Artisanal and small-scale gold mining (ASGM) has challenging environmental and social implications. The sector significantly contributes to mercury emissions the environment creating damage to human health and the environment. Many efforts are under way to improve this situation. With this side-event the Government of Switzerland and its partners would like to discuss the implementation of the Minamata Convention with regard to ASGM in different countries such as Colombia, Ecuador, Ghana, Mongolia, Nigeria, and Peru. Where does mercury free ASGM work and why? What alternative approaches and better practices exist? How should tailings in ASGM be managed? How can formalization lead to better practices? How can a traceable value chain encourage the reduction of mercury use eventually to zero? What role can the harmonization of legislation play?

The event is targeted towards delegates from different ministries, NGOs and the private sector all dealing with the challenges in the ASGM sector. The event will discuss the questions above through concrete examples of different countries.

13:15 - 14:45

CET

Room 18

National governments, with funding provided by the GEF and technical assistance provided by GEF implementing agencies, have over the past years been implementing Minamata Initial Assessments (MIAs) that aim to strengthen national decision-making toward ratification of the Minamata Convention on Mercury and build national capacity towards implementation of future obligations.

The overall objective of this side event is to showcase how the knowledge generated through MIA contributes to timely and effective ratification and implementation of the Minamata Convention.

18:15 - 19:00

CET

Room 2

The burning of coal is one of the largest single anthropogenic sources of mercury air emissions. Although coal contains only small concentrations of mercury, it is burnt in very large volumes. And despite a growing number of countries moving away from coal, its global demand is expected to remain steady over the next 5 years at least.
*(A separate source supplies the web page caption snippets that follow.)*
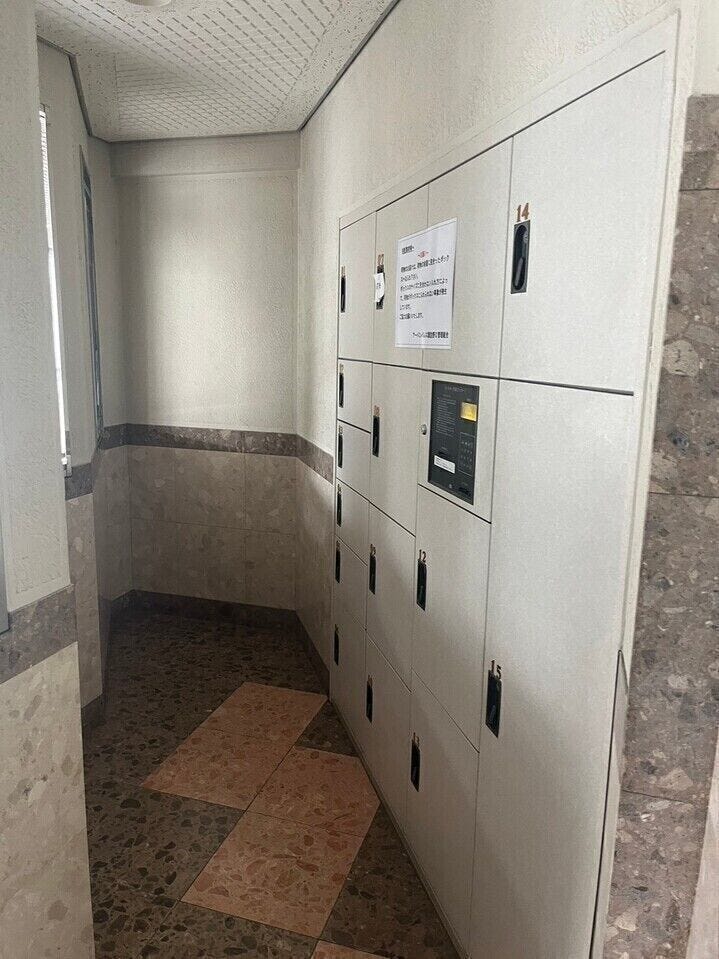 不在時は宅配ボックスが便利です。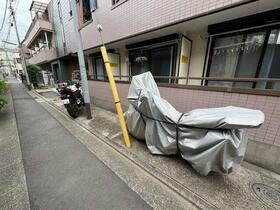 5/5 エントランス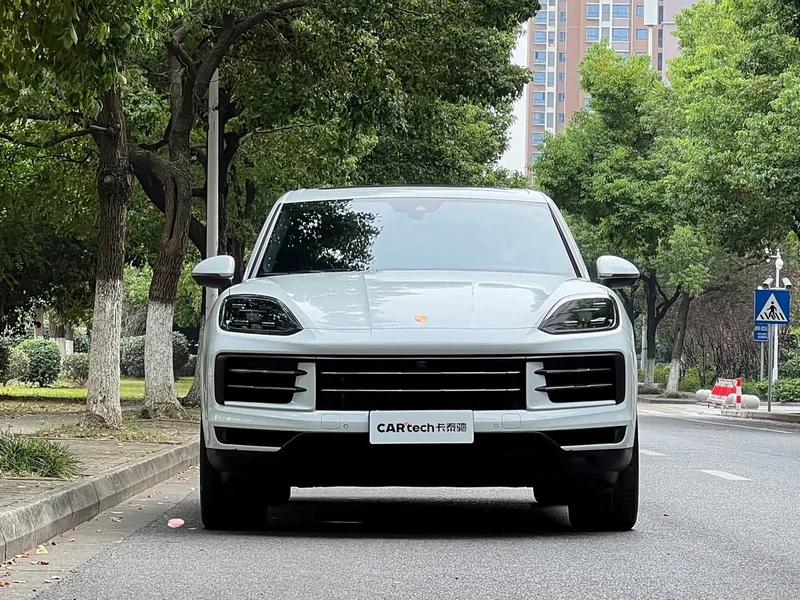 Porsche Cayenne — фото 2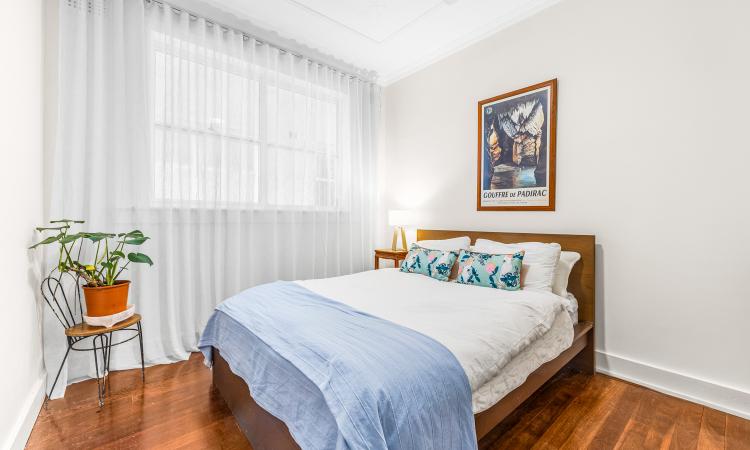 Chic Beachside Living in Iconic North Bondi - Fully furnished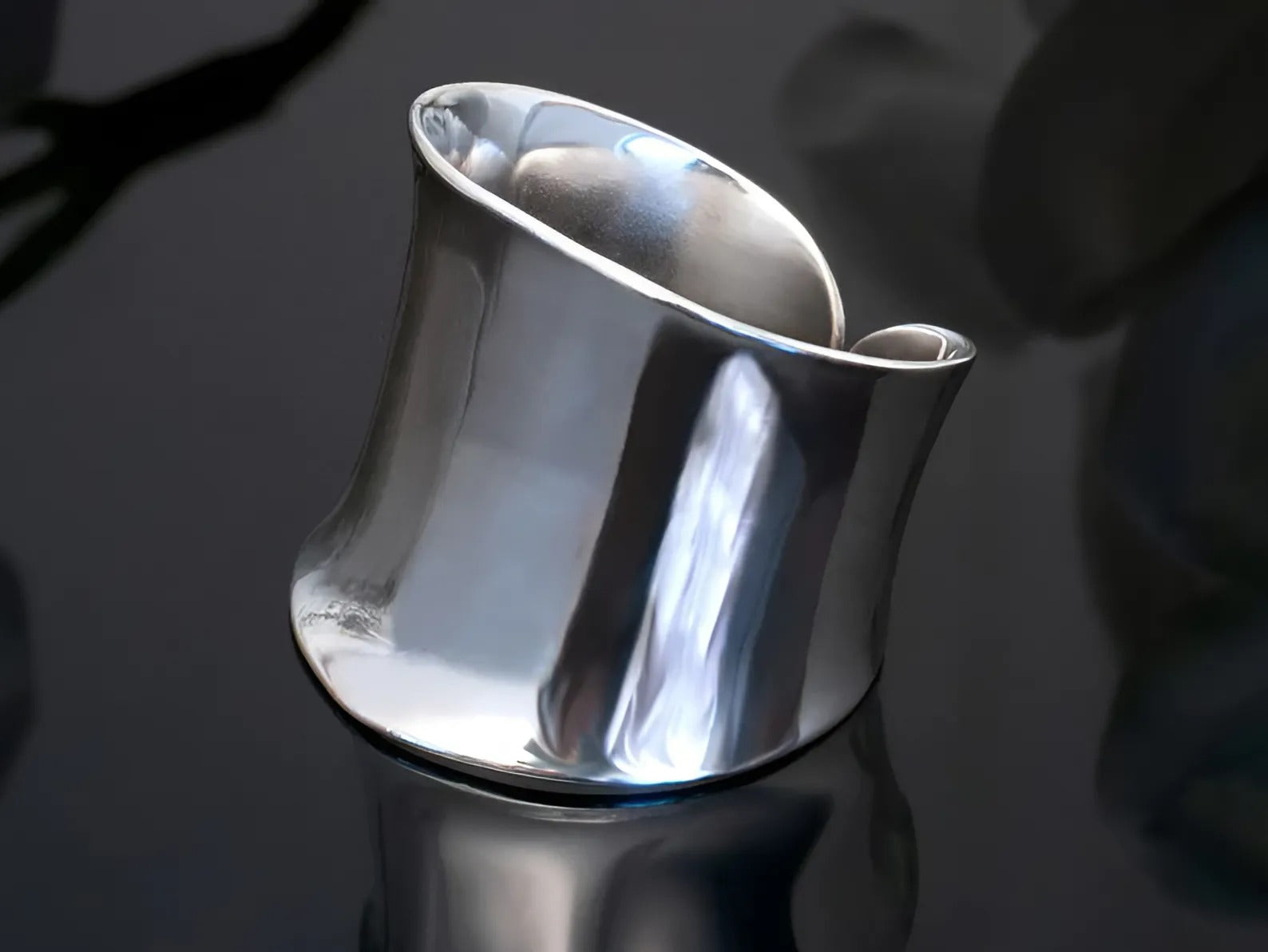 Eenvoudige en stijlvolle vrouwenring, gemaakt van zilver voor een minimalistische uitstraling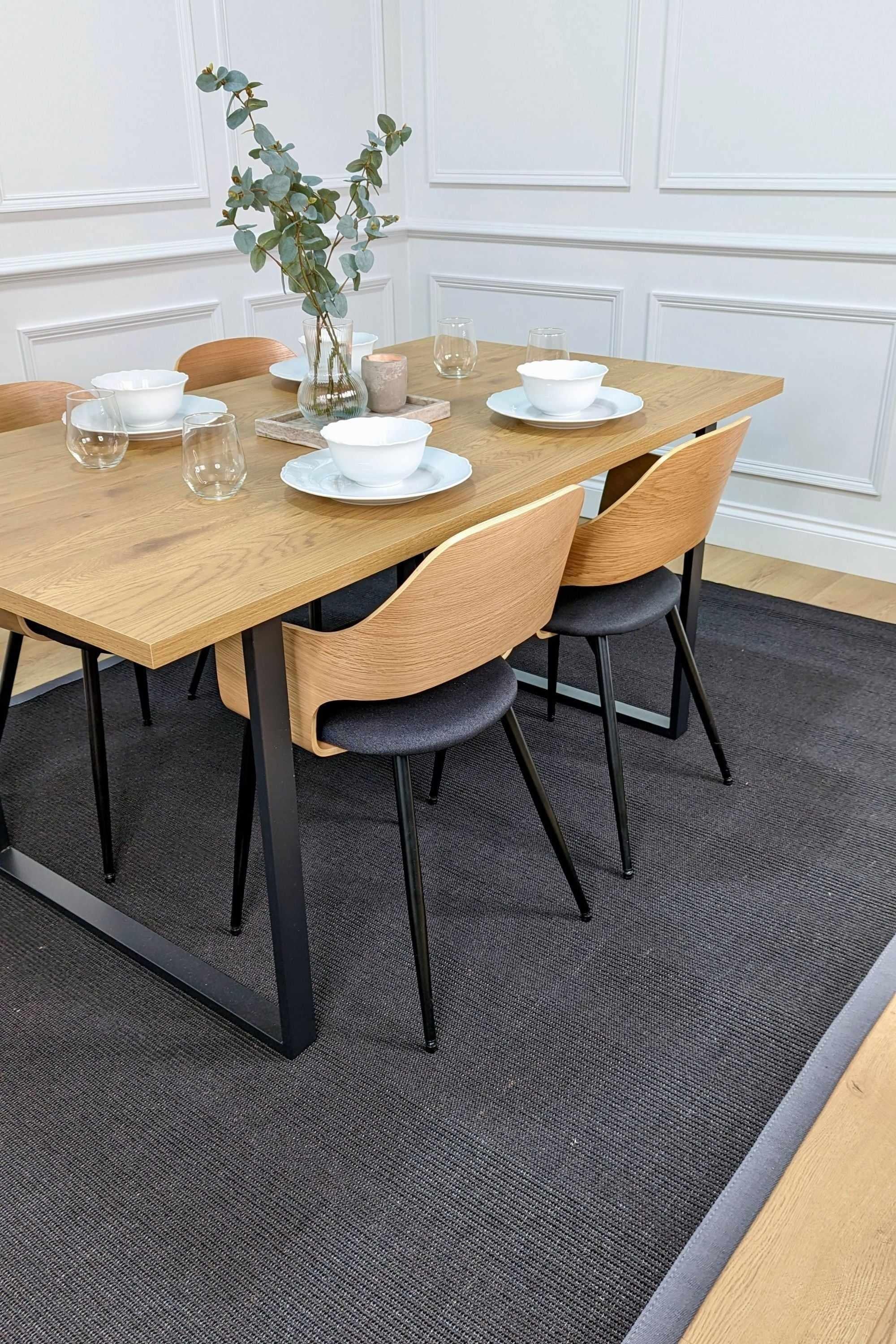 Black sisal rug with grey border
Up to 95% of mercury releases from power plants can however be reduced, by improving coal and plant performance and optimizing control systems for other pollutants.

Through this side event, the Global Mercury Partnership - Coal Combustion Area, will offer COP3 attendees - of both technical and non-technical background - a snapshot on the situation of mercury from coal burning. With a particular focus on applicability and costs, the event will provide hands-on state of the art knowledge and science on mercury monitoring, cost-effective control measures and abatement technologies. It will also feature national perspectives, with speakers presenting on the latest developments of the sector. Finally, participants will be invited to exchange with national and international experts through a participatory Q&A session.

18:15 - 19:00

CET

Room 18

This event aims to raise awareness among Parties and others about the opportunities and challenges presented by mercury-contaminated sites and the importance of addressing them to reduce global mercury pollution levels. It will present information about the state of mercury-contaminated sites globally, those that present some of the greatest risks, challenges and health impacts, as well as emerging technologies to address challenging sites such as active ASGM locations. Strategies to address primary mercury mining which is on the rise in some countries, will also be discussed with specific examples. In addition, it is anticipated that information will be presented on funding opportunities for the Parties to address contaminated sites within the framework of the Minamata Convention on Mercury.